Before leaving Columbia at the session’s end this past week, both the House and Senate passed legislation mandating rate reductions by SCE&G for the tab being charged to electric customers for the nuclear project. (The Legislature and PSC have no power regarding Santee Cooper rates.)
The House and Senate versions differ and there is no guarantee of a compromise, though lawmakers are anxious to tell voters they did something on the issue ahead of June’s primaries.
The House version removes the rate hikes for the nuclear project authorized under the Base Load Review Act, the 2007 law approved by the General Assembly that gave SCE&G the right to make such charges whether the project was successful or not. The House extends the rate relief until the Public Service Commission makes a decision on whether SCE&G and SCANA are responsible for the nuclear debt. The reduction would also last through any court cases resulting from appeals.
The Senate lifts the rate hikes imposed after 2011, leaving 2009-2010 rate hikes intact. It gives relief for 30 days.
There are real questions regarding the legislature’s legal power to mandate a rate reduction, but even if the reductions occur, they are short-lived.
With the PSC ruling scheduled for later this year, rate relief would range from one month (the Senate) to about five months (the House). By year’s end, the PSC would have to decide on SCE&G/SCANA’s liability and whether Virginia-based Dominion Energy’s proposal to purchase SCANA will be approved.
The much-publicized merger of the utilities would mean implementation of Dominion’s plan to refund SCE&G’s customers about $1,000 each and reduce rates for the nuclear project by about 5 percent, but the remainder of the 18 percent being charged now would remain for 20 years. Dominion has said it will not go through with the merger if lawmakers or regulators remove its ability to recoup nuclear project monies. Without the merger, SCANA has said it would continue to charge for the plant for up to 60 more years.
Doing away with the Base Load Review Act is within lawmakers’ power, but retroactively undoing SCE&G’s ability under the law to charge for the nuclear project is certain to be challenged in court.
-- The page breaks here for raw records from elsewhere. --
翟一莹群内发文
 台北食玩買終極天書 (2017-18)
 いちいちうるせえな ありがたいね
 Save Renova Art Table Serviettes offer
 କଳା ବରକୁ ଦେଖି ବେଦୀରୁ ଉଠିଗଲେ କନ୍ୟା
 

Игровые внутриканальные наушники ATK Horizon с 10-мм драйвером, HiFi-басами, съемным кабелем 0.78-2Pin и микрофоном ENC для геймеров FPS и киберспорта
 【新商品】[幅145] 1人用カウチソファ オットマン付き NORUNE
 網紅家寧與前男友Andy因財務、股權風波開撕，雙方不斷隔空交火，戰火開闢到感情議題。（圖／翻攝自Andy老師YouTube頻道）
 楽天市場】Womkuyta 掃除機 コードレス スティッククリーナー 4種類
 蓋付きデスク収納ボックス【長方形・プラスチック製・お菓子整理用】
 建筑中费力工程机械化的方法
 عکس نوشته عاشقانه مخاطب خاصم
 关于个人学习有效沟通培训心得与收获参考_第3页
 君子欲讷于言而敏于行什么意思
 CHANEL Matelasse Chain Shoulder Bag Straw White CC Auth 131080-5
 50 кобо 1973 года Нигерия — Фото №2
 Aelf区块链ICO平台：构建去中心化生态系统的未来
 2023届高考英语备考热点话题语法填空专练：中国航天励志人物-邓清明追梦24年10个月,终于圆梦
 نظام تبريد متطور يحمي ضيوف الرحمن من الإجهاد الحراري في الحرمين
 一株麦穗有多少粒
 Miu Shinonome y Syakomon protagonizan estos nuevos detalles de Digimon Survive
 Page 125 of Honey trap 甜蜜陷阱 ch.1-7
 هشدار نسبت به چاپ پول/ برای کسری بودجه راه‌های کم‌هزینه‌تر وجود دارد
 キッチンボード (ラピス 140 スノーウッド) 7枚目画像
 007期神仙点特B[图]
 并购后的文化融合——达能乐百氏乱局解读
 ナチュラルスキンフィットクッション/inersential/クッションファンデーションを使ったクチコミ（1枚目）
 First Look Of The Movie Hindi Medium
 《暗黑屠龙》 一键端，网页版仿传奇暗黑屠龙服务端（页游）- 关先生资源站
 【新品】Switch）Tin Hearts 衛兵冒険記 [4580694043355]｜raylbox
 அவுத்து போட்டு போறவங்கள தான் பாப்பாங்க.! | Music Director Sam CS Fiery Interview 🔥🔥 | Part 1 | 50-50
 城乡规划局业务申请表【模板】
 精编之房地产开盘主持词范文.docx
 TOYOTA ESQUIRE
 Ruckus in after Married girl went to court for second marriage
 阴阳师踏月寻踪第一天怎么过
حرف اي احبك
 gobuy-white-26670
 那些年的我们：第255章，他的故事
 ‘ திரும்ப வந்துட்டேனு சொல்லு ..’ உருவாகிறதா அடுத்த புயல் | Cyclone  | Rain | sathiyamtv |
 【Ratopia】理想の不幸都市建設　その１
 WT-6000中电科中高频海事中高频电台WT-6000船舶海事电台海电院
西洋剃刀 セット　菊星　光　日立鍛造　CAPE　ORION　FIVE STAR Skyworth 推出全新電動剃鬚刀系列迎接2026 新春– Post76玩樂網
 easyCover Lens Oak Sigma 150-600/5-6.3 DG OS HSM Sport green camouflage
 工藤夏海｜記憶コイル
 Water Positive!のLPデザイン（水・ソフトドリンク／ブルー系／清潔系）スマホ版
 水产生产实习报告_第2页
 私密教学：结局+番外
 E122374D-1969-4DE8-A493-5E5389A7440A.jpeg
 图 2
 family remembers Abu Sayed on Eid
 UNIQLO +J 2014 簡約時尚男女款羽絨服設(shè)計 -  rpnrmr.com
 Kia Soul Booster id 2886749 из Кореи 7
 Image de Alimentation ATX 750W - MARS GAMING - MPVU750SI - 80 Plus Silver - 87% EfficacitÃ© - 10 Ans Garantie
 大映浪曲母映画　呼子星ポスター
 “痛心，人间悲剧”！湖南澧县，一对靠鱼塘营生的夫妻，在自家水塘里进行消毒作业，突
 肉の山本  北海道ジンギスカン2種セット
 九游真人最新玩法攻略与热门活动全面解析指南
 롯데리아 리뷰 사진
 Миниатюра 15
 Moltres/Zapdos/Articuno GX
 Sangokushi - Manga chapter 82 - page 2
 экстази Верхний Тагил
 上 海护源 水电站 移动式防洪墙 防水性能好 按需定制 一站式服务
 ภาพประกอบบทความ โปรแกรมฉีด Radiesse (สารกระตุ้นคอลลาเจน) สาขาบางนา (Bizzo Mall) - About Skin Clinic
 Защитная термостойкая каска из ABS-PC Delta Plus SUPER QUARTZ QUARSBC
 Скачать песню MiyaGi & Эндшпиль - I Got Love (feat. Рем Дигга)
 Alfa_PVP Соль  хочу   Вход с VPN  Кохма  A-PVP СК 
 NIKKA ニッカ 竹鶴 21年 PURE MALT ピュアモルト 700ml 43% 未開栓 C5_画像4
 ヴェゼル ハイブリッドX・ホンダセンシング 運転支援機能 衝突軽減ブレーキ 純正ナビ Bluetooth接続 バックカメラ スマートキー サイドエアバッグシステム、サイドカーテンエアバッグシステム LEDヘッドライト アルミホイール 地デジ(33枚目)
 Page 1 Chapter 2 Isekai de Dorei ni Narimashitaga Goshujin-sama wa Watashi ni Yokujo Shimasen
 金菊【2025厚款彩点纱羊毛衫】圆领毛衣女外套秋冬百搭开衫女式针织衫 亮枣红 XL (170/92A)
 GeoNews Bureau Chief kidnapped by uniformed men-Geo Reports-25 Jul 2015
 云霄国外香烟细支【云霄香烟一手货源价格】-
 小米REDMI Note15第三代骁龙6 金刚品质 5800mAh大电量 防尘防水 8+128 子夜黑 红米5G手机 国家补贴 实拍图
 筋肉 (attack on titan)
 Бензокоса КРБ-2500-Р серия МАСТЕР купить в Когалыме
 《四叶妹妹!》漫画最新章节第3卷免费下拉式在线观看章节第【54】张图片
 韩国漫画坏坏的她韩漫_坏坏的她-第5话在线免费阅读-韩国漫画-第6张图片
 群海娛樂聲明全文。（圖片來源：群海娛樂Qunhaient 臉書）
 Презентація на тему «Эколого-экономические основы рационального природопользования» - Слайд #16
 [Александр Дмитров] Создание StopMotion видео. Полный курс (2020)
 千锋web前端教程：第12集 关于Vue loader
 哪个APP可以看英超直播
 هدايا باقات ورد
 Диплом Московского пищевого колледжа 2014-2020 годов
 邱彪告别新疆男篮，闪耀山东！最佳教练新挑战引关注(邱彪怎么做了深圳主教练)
And all the while this saga plays out, the future of SCANA Corp. and SCE&G is left hanging. Despite the claims and counterclaims of the utility’s ability to survive if it is saddled with all nuclear plant debt, such a scenario would not be good for SCE&G, which is vital to development and quality of life in a big part of South Carolina.
A famous Yogi Berra quote is “It ain’t over til it’s over.” Well, it seems South Carolina’s experience with the failed nuclear project is anything but over, even if lawmakers come to agreement in the coming weeks on rate reductions. The fight then, in some ways, will have just begun. And the future of the Dominion deal, which remains the best solution all around, will be in further doubt.